Adeptes de House of Cards, Bloodline, Transparent et Girls, Anne Boyer et Michel D’Astous soutiennent être particulièrement impressionnés par le type de scénarios qu’ils estiment être eux-mêmes incapables de pondre.

«House of Cards, je serais incapable d’écrire ça, s’extasie Michel D’Astous. C’est d’un cynisme inaccessible pour moi. Je n’ai pas cette vision du monde. Je serais chicken d’écrire ça! (rires)»

Audace et inventivité

En plus de jouer de la plume, Anne Boyer et Michel D’Astous ont produit, par le biais de leur maison de production Duo Productions – un nom fort à propos! -, leurs propres «bébés», mais aussi Pour Sarah, Un sur 2 et Les sœurs Elliot. Anne Boyer est en outre derrière Baby Boom, sympathique comédie dramatique qui aboutira sur la plateforme Véro.tv de Tou.tv Extra dans quelques semaines.

Depuis le temps que leur imagination s’agite dans les coulisses de la télévision, ils ont vu neiger. Témoins privilégiés des changements qui se sont opérés dans le milieu du petit écran, ils peuvent s’exprimer plus que n’importe qui sur le rythme des enregistrements dont la cadence a augmenté à la vitesse grand V, sur les diminutions de budgets qui se font sans cesse sentir, sur les trésors d’imagination que doivent déployer les artisans de l’ombre et les comédiens pour que le résultat final ne souffre pas de ces contraintes, mais également des plus vastes possibilités qui s’offrent maintenant aux créateurs et concepteurs, et des limites qui sont constamment repoussées, à tous égards.

«Quand on a commencé Yamaska en studio, avec peu d’extérieurs, on était très modernes, se souvient Anne Boyer. Notre série était top, à l’époque. Avec les huit années qui ont passé – huit en écriture, sept en diffusion -, vraiment, la télé s’est transformée. Elle était déjà en transformation mais, à la fin, tourner en studio, c’était off! On avait hâte de sortir…»

«Même le degré d’audace a changé, maintient Michel D’Astous. À 19h, on peut maintenant parler de prostitution. C’est plus proche du reportage, aujourd’hui, plus «dans la rue». Je pense que la télévision est de plus en plus diversifiée. Il y a des propositions de plus en plus différentes.»

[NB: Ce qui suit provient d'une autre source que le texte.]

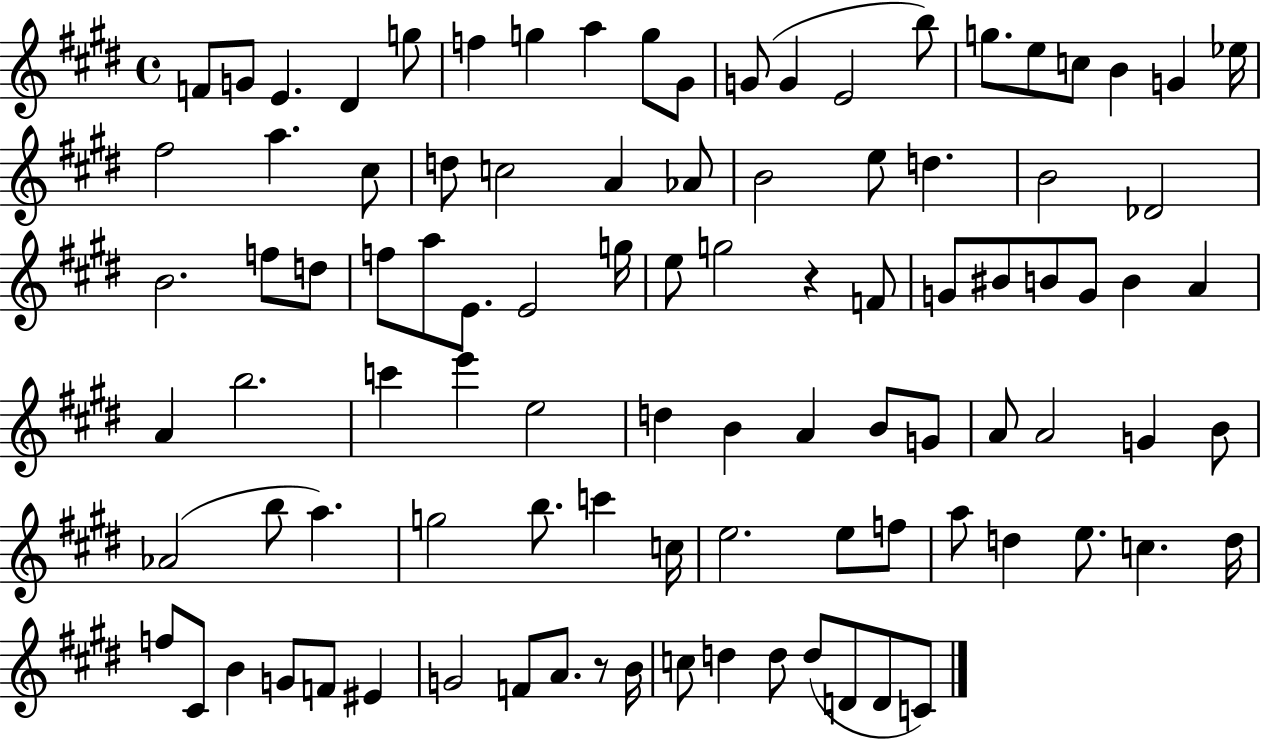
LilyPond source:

{
  \clef treble
  \time 4/4
  \defaultTimeSignature
  \key e \major
  f'8 g'8 e'4. dis'4 g''8 | f''4 g''4 a''4 g''8 gis'8 | g'8( g'4 e'2 b''8) | g''8. e''8 c''8 b'4 g'4 ees''16 | \break fis''2 a''4. cis''8 | d''8 c''2 a'4 aes'8 | b'2 e''8 d''4. | b'2 des'2 | \break b'2. f''8 d''8 | f''8 a''8 e'8. e'2 g''16 | e''8 g''2 r4 f'8 | g'8 bis'8 b'8 g'8 b'4 a'4 | \break a'4 b''2. | c'''4 e'''4 e''2 | d''4 b'4 a'4 b'8 g'8 | a'8 a'2 g'4 b'8 | \break aes'2( b''8 a''4.) | g''2 b''8. c'''4 c''16 | e''2. e''8 f''8 | a''8 d''4 e''8. c''4. d''16 | \break f''8 cis'8 b'4 g'8 f'8 eis'4 | g'2 f'8 a'8. r8 b'16 | c''8 d''4 d''8 d''8( d'8 d'8 c'8) | \bar "|."
} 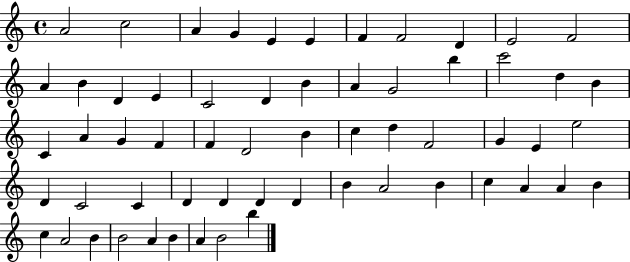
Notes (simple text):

A4/h C5/h A4/q G4/q E4/q E4/q F4/q F4/h D4/q E4/h F4/h A4/q B4/q D4/q E4/q C4/h D4/q B4/q A4/q G4/h B5/q C6/h D5/q B4/q C4/q A4/q G4/q F4/q F4/q D4/h B4/q C5/q D5/q F4/h G4/q E4/q E5/h D4/q C4/h C4/q D4/q D4/q D4/q D4/q B4/q A4/h B4/q C5/q A4/q A4/q B4/q C5/q A4/h B4/q B4/h A4/q B4/q A4/q B4/h B5/q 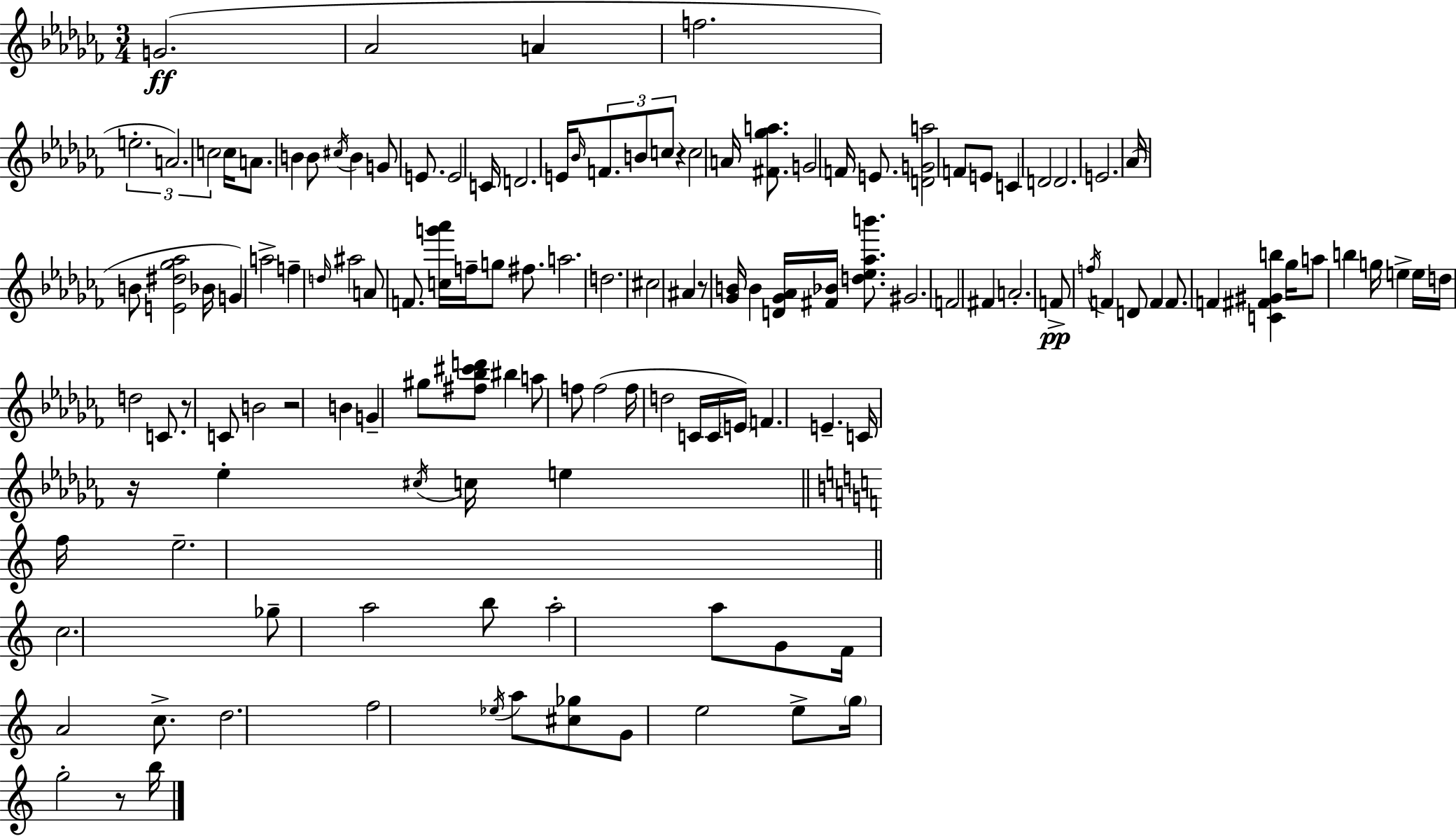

«Les équipes techniques au Québec sont incroyablement inventives. Des séries comme Borgen, qu’on trouve très bonnes, bénéficient d’un million par épisode, avec des équipes d’auteurs. Ils passent trois mois sur un épisode! Ils ont deux mois et demi pour faire ce que, nous, on fait en une semaine, à 12 personnes! Il ne faut pas regarder ça. Les équipes créatives, ici, au Québec, sont vraiment créatives. On fait beaucoup avec peu. Je trouve qu’on fait de la très bonne télé, vraiment», s’enorgueillit Anne Boyer.

Enfin, s’ils sont passés maîtres dans l’art de rédiger les textes qui nous amusent et nous attendrissent, Anne Boyer et Michel D’Astous ont aussi le chic pour faire vivre leurs œuvres au-delà des frontières de nos écrans plats. Seulement avec Yamaska, ils ont orchestré une campagne de prévention et une marche contre le suicide à Granby, le lancement du roman du personnage de William, La belle affaire, et l’apparition de leurs protagonistes dans Toute la vérité, et vice-versa : ces bonus ont renouvelé l’affection des téléspectateurs envers leur rendez-vous chouchou du lundi soir et pimenté l’action de Yamaska.

«On fait des affaires qu’on aurait aimé se faire offrir quand on était des téléspectateurs», note Anne Boyer, faisant remarquer au passage que la page Facebook de Yamaska est passée de 30 000 à 133 000 abonnés en trois ou quatre ans, à peine. Déjà, plus de 28 000 internautes ont cliqué «J’aime» sur la page de L’heure bleue.

L’heure bleue commencera à TVA le mercredi 11 janvier, avec une édition spéciale de deux épisodes un à la suite de l’autre. Après quoi, dès le 18 janvier, le téléroman sera logé le mercredi à 21h.